In Java, empty HashMap space allocation - java

How can i tell how much space a pre-sized HashMap takes up before any elements are added? For example how do i determine how much memory the following takes up?
HashMap<String, Object> map = new HashMap<String, Object>(1000000);

In principle, you can:
calculate it by theory:
look at the implementation of HashMap to figure out what this method does.
look at the implementation of the VM to know how much space the individual created objects take.
measure it somehow.
Most of the other answers are about the second way, so I'll look at the first one (in OpenJDK source, 1.6.0_20).
The constructor uses a capacity that is the next power of two >= your initialCapacity parameter, thus 1048576 = 2^20 in our case.
It then creates an new Entry[capacity] and assigns it to the table variable. (Additionally it assigns some primitive variables).
So, we now have one quite small HashMap object (it contains only 3 ints, one float and one reference variable), and one quite big Entry[] object. This array needs space for their array elements (which are normal reference variables) and some metadata (size, class).
So, it comes down to how big a reference variable is. This depends on VM implementation - usually in 32-bit VMs it is 32 bit (= 4 bytes), in 64-bit VMs 64 bit (= 8 bytes).
So, basically on 32-bit VMs your array takes 4 MB, on 64-bit VMs it takes 8 MB, plus some tiny administration data.
If you then fill your HashTable with mappings, each mapping corresponds to a Entry object. This entry object consists of one int and three references, taking about 24 bytes on 32-bit VMs, maybe the double on 64-bit VMs. Thus your 1000000-mappings HashMap (assuming an load factor > 1) would take ~28 MB on 32-bit-VMs and ~56 MB on 64-bit VMs.
Additionally to the key and value objects themselves, of course.

You could check memory usage before and after creation of the variable. For example:
long preMemUsage = Runtime.getRuntime().totalMemory() -
Runtime.getRuntime().freeMemory();
HashMap<String> map = new HashMap<String>(1000000);
long postMemUsage = Runtime.getRuntime().totalMemory() -
Runtime.getRuntime().freeMemory();

The exact answer will depend on the version of Java you are using, the JVM vendor and the target platform, and is best determined by direct measurement, as described in other answers.
But as a simple estimate, the size is likely to be either ~4 * 2^20 or ~8 * 2^20 bytes, for a 32 bit or 64 bit jvm respectively.
Reasoning:
The Sun Java 1.6 implementation of HashMap has a fixed side top-level object and a table field that points to the array of references to hash chains.
In a newly created (empty) HashMap the references are all null and the array size is the next power of two larger that the supplied initialCapacity. (Yes ... I checked the source code.)
A reference occupies 4 bytes on a typical 32bit JVM and 8 bytes on a typical 64 bit JVM. Some 64 bit JVMs support compact references ("compressed oops"), but you need to set JVM options to enable this.
The top object has 5 fields including the table array reference, but this is a relatively small constant overhead.
The top object and the array have object header overheads, but these are constant and relatively small.
Thus the size of the table array dominates, and it is 2^20 (the next power of 2 greater than 1,000,000) multiplied by the size of a reference.
So, this tells you that setting a large initial capacity really does use a lot of memory. On the other hand, if the initial capacity is a good estimate of the map's capacity when fully populated, you will save significant amounts of time by setting it. (This avoids a number of cycles of reallocating the array and rebuilding of the hash chains.)

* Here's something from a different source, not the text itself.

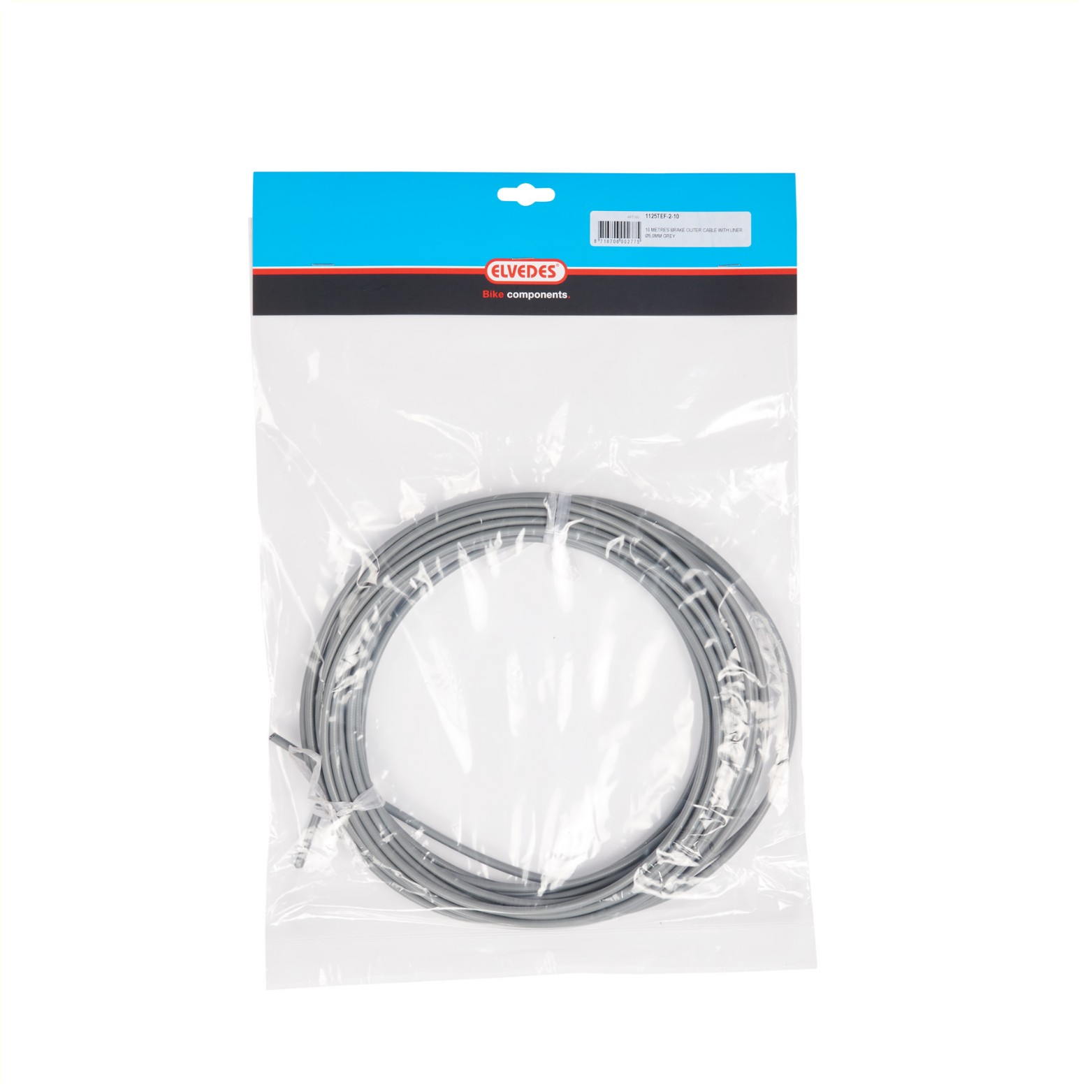 Elvedes äußeres Bremskabel mit Teflon-Liner silber. 10 Meter 5mm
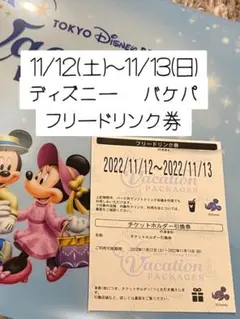 ディズニー フリードリンク券 チケットホルダー引換券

You could probably use a profiler like VisualVM and track memory use.
Have a look at this too: http://www.velocityreviews.com/forums/t148009-java-hashmap-size.html

I'd have a look at this article: http://www.javaworld.com/javaworld/javatips/jw-javatip130.html
In short, java does not have a C-style sizeof operator. You could use profiling tools, but IMO the above link gives the simplest solution.
Another piece of info that may be helpful: an empty java String consumes 40 bytes. One million of them would probably be at least 40MB...

I agree that a profiler is really the only way to tell. The other bit of relevant information is whether you're using a 32-bit or 64-bit JVM. The amount of overhead due to memory references (pointers) varies depending on that and whether you have compressed oops turned on. I've found that for smaller data sets the overhead of objects and pointers is significant.

In the latest version of Java 1.7 (I'm looking at 1.7.0_55) HashMap actually lazily instantiates its internal table. It's only instantiated when put() is called - see the private method "inflateTable()". So your HashMap, before you add anything to it at least, will occupy only the handful of bytes of object overhead and instance fields.

You should be able to use VisualVM (comes with JDK 6 or can be downloaded) to create a memory snapshot and inspect the allocated objects for their size.

Related

How precisely do Java arrays use memory in HotSpot (i.e. how much slop)?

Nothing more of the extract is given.